Читать «История животных» онлайн - страница 57

Оксана Тимофеева

И обезьяна, и собака Кафки рассказывают нам свои истории: в обоих случаях голос животного как бы обращается в язык, так что само-отношение, рефлексия настоящего задним числом наделяет прошлое смыслом. Отмечу, однако, что здесь задействованы два не совсем одинаковых типа мимесиса: если обезьяна подражает тому, что есть (человеку, которого она считает свободным), то собака имитирует – и через эту имитацию изобретает – то, чего еще не было: новую науку. Если обезьяна даже в своей саморефлексии все еще является объектом наблюдения со стороны реально существующей человеческой науки, то собака – это субъект во всех смыслах этого слова, «пес – основатель новой науки». Новой науки, которую он практикует как свободу. Причем такой уникальной и свободной эту науку делает не что иное, как именно собакина изначальная неспособность к ней, ее неадекватность, наблюдаемые ею собственные ограничения – короче, ее собаковость, животность. Собака «откровенно и даже с некоторой радостью» признается в своей «…непригодности к науке, слабосильном уме, плохой памяти, и в первую очередь в неспособности постоянно видеть перед собой научную цель» и парадоксальным образом обнаруживает здесь не просто конститутивный момент новой науки, но необходимую начальную точку для прорыва, без которого свобода не была бы возможной:

Ибо мне кажется, что более глубокая причина моей непригодности к науке кроется в некоем инстинкте, и инстинкт этот воистину неплох ‹…› И этот инстинкт, может быть, как раз во имя науки – но какой-то другой, не той, которой занимаются сегодня, а какой-то самой последней науки – заставлял меня ценить мою свободу выше всего остального. Свобода! Впрочем, та свобода, которая возможна сегодня, – растеньице хилое. Но все-таки это свобода, все-таки какое-то достояние.

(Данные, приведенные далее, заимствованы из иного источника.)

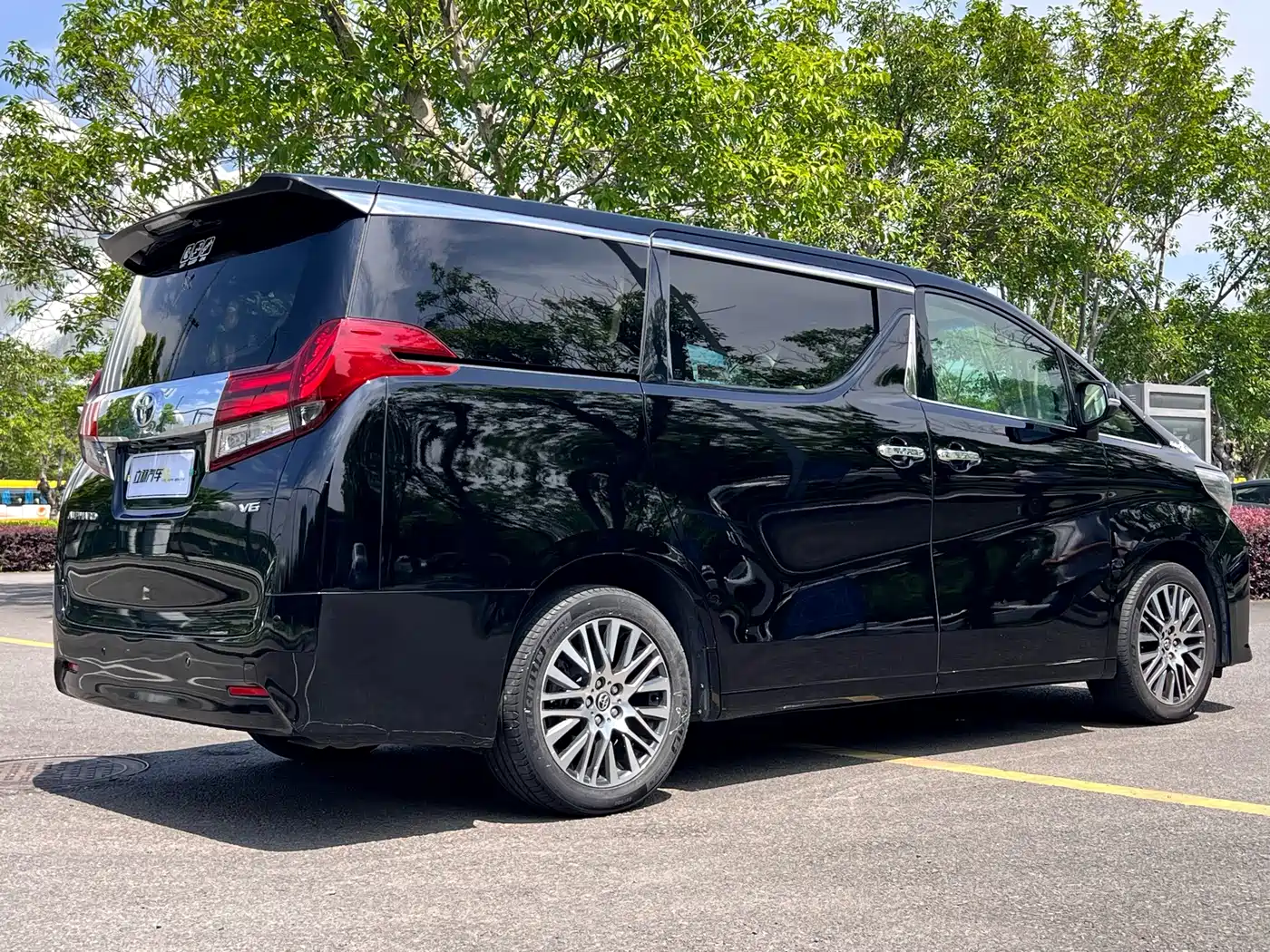 Toyota Alphard 2015 3.5L Luxury Edition фото 25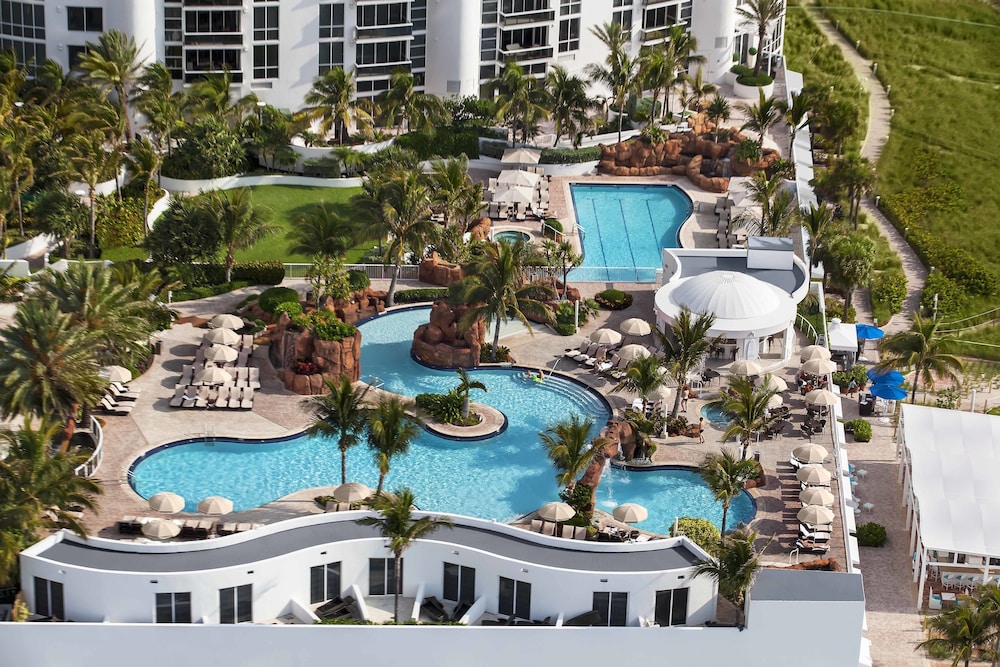 Trump International Beach Resort 2/116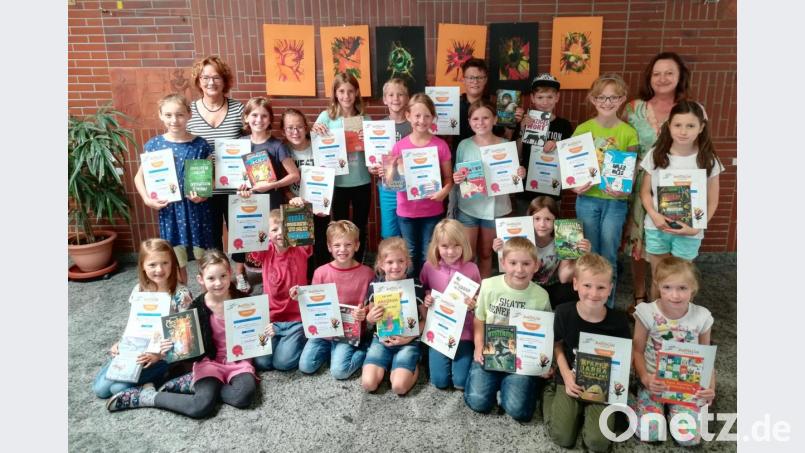Lesen macht in der Grundschule nicht nur Spaß. Es wird gefördert: Bei der Siegerehrung der fleißigsten Grundschüler freuten sich viele Buben und Mädchen über eine Urkunde und eine neue Lektüre. Bild: ubb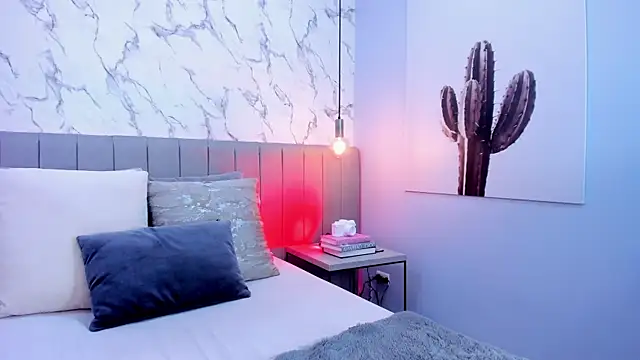 Karlla Brown online show from October 2025 03:56:02 PM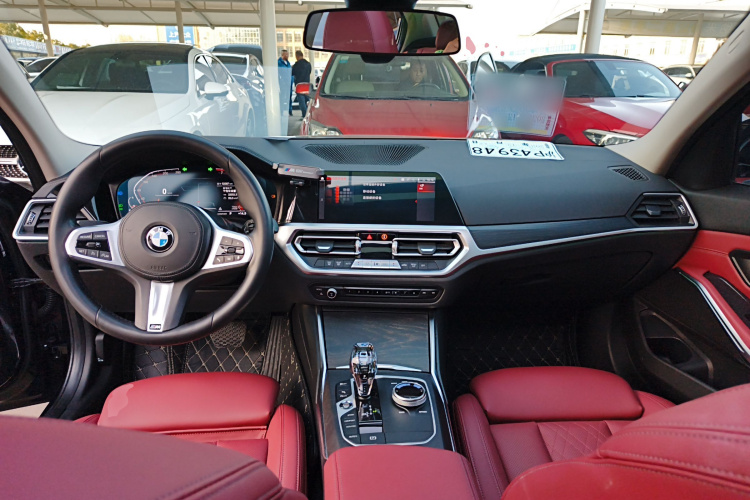 宝马3系 2022款 325i M运动套装中控内饰12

Если Делёз и Гваттари предпочитают говорить о выходе или ускользании, а не о свободе, то Младен Долар, комментируя «Исследования одной собаки», утверждает, что «свобода» – это «секретное слово» Кафки:

Это последнее предложение истории. Самое последнее слово всего этого, le fin mot как le mot du fin, – это свобода, с восклицательным знаком. Не заблуждаемся ли мы, не должны ли здесь себя ущипнуть: возможно ли, чтобы Кафка в конце концов произнес это слово? Пожалуй, это единственное место, где Кафка явным образом говорит о свободе, но это не значит, что в остальном его мире повсюду несвобода. Совсем наоборот: свобода всегда уже здесь, во все времена, это fin mot Кафки, как то секретное слово, которое мы не осмелимся произнести, хотя оно все время у нас на уме ‹…› И это лозунг, программа новой науки, которая сможет иметь с ней дело, иметь ее в качестве своего объекта, исследовать ее, самая последняя наука, наука о свободе.